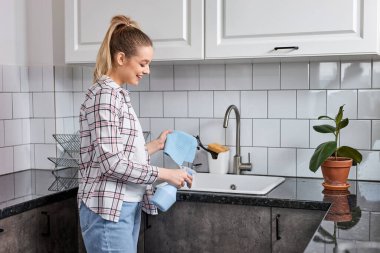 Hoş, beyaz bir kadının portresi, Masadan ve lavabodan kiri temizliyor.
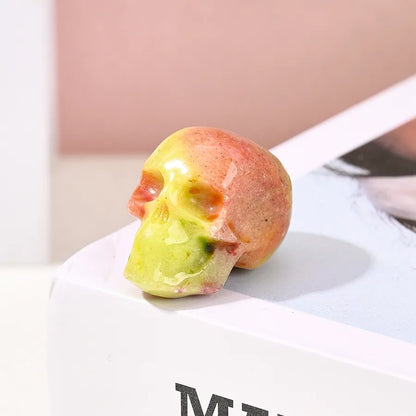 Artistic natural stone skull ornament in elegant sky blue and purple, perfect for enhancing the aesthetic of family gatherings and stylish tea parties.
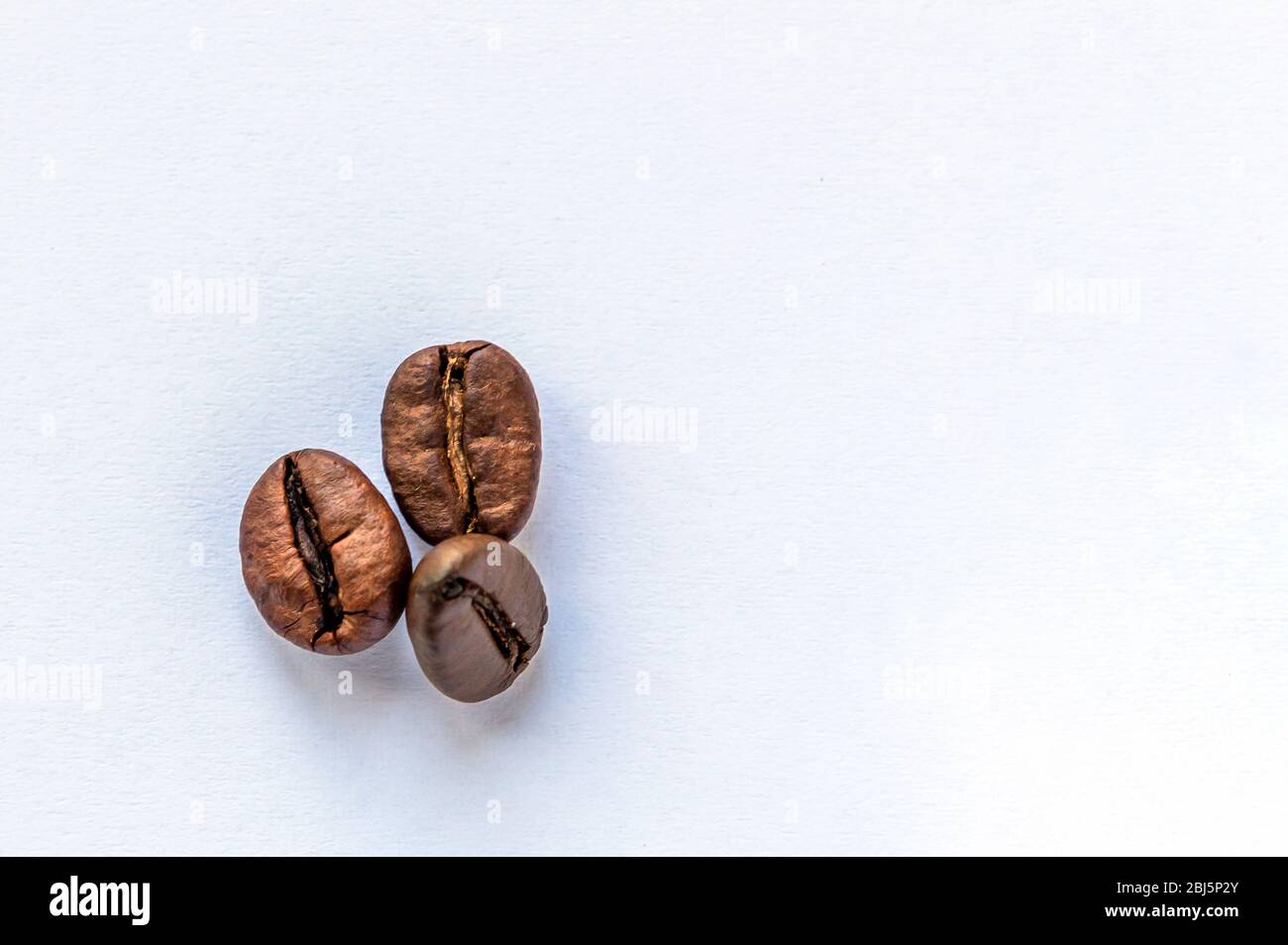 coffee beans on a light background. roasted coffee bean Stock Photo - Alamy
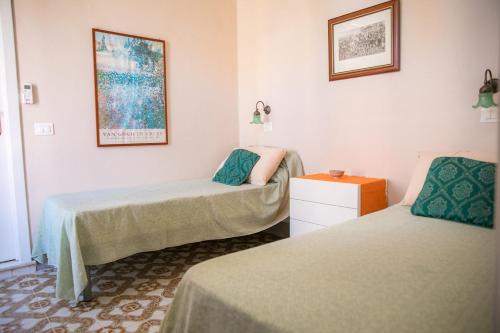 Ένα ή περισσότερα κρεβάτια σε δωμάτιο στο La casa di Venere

▬▬▬

TO DO
Make an exact copy of the data above, pictures excluded.

ANSWER TO THE PROBLEM
 Hoş, beyaz bir kadının portresi, Masadan ve lavabodan kiri temizliyor.
 Artistic natural stone skull ornament in elegant sky blue and purple, perfect for enhancing the aesthetic of family gatherings and stylish tea parties.
 coffee beans on a light background. roasted coffee bean Stock Photo - Alamy
 Ένα ή περισσότερα κρεβάτια σε δωμάτιο στο La casa di Venere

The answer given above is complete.